Birth Year : 1884
Death Year : 1950
Country : Germany
Max Beckmann was an expressionist painter and graphic artist, born in
Leipzig, East Germany. He studied at the Weimar School of Art for three
years, before traveling to Florence and to Paris. He was especially impressed
by Piero della Francesca, the French primitives, Cezanne,
and van Gogh. From 1906 to 1914, Beckmann
was associated with the "Berlin Secession" movement, while painting in
a distinctively impressionistic manner. His experiences as a medical corpsman
in 1914-15 were such a shock to his sensibilities that when, after a severe
illness, he began to paint again, in 1917, his work became infused with
the icy bitterness of a reaction to the horrors of war and to the depression
of the postwar years in Germany.
His compositions, in 1920,
were strongly defined within spaces confined by harsh lines of contour.

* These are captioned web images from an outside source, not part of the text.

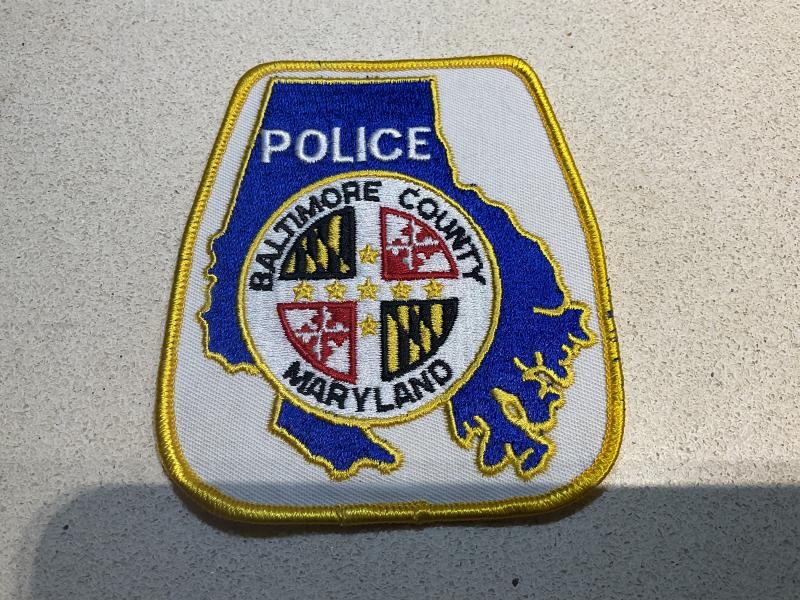 Baltimore County , Maryland, police patch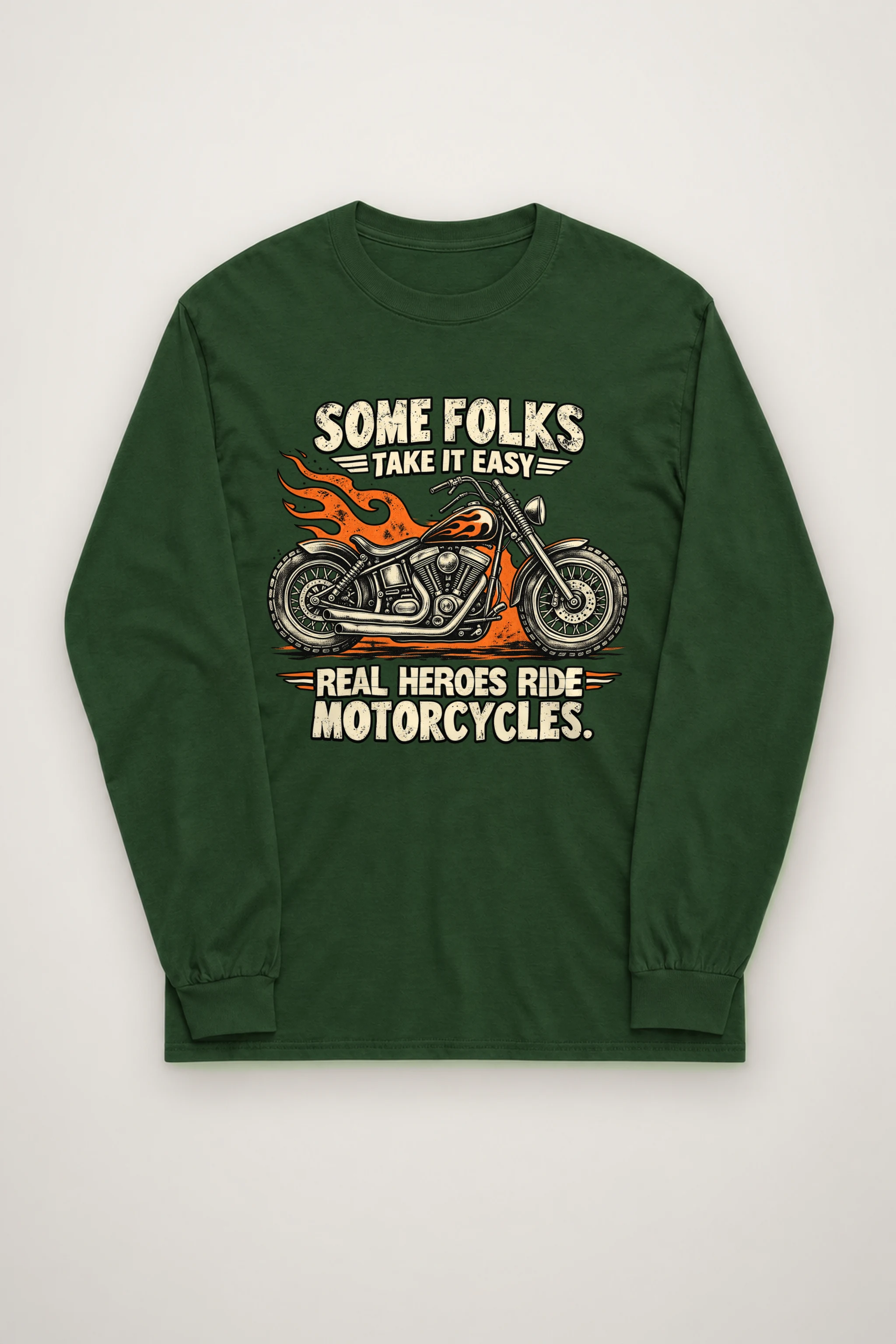 "Real Heroes Ride" Unisex Longsleeve T-shirt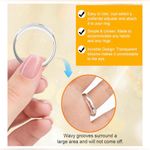 NEW Ring Sizers for Loose Rings Invisible Adjuster Silicone Ring Spacer 14PCS White Photo 1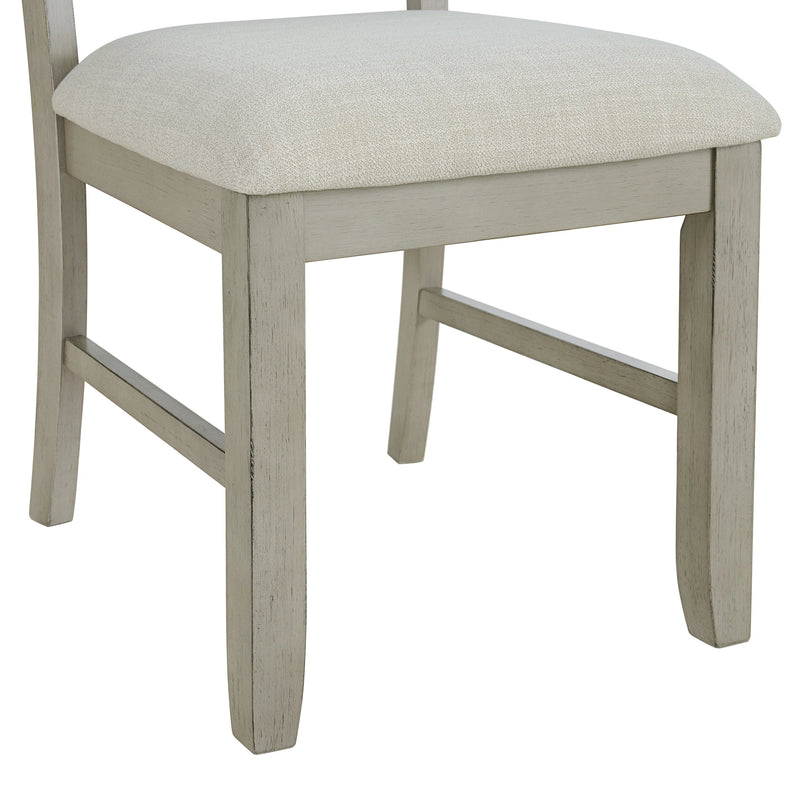 Farmington Dining Set in Medium Brown and Washed Stone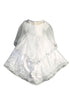 Tip Top Kids Girls White Back Train Headband Baptism Gown Outfit, Sizes 0-6 - SophiasStyle.com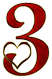 Number 3-heart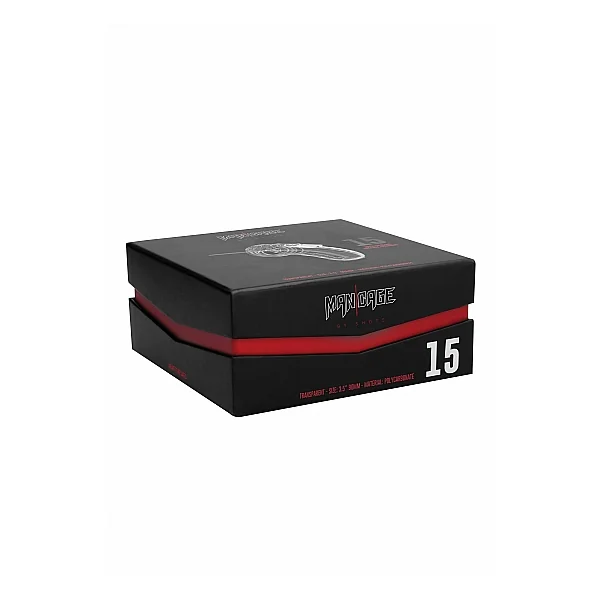 MANCAGE MODEL 15 CHASTITY 3.5 IN CAGE W/ PLUG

His color was limited, symbolic in tonality, and quite cold. His principal
subject, the human being, "the monster of vitality," was presented in nightmarish
scenes of brutally raw living. As the memories of war and and postwar began
to fade, this nightmarish quality changed to one of dreamlike disillusion
in his landscapes, his still lives, and in his portraits of bold or occasionally
tender women. His enigmatic portraits of men, or of himself are equally
inscrutable.
In 1933 he left Frankfurt for political reasons
and went to Berlin where he stayed until 1936. He then went to Amsterdam
and finally, in 1940, to New York where he died ten years later. The paintings
from this final phase are freer and broader in style, simpler in expression,
and more varied in their use of color. His subjects are mythical or allegorical
and his motifs are symbolic. He expresses, with a force that is almost
physical in impact, the problems of man's existence in a difficult world.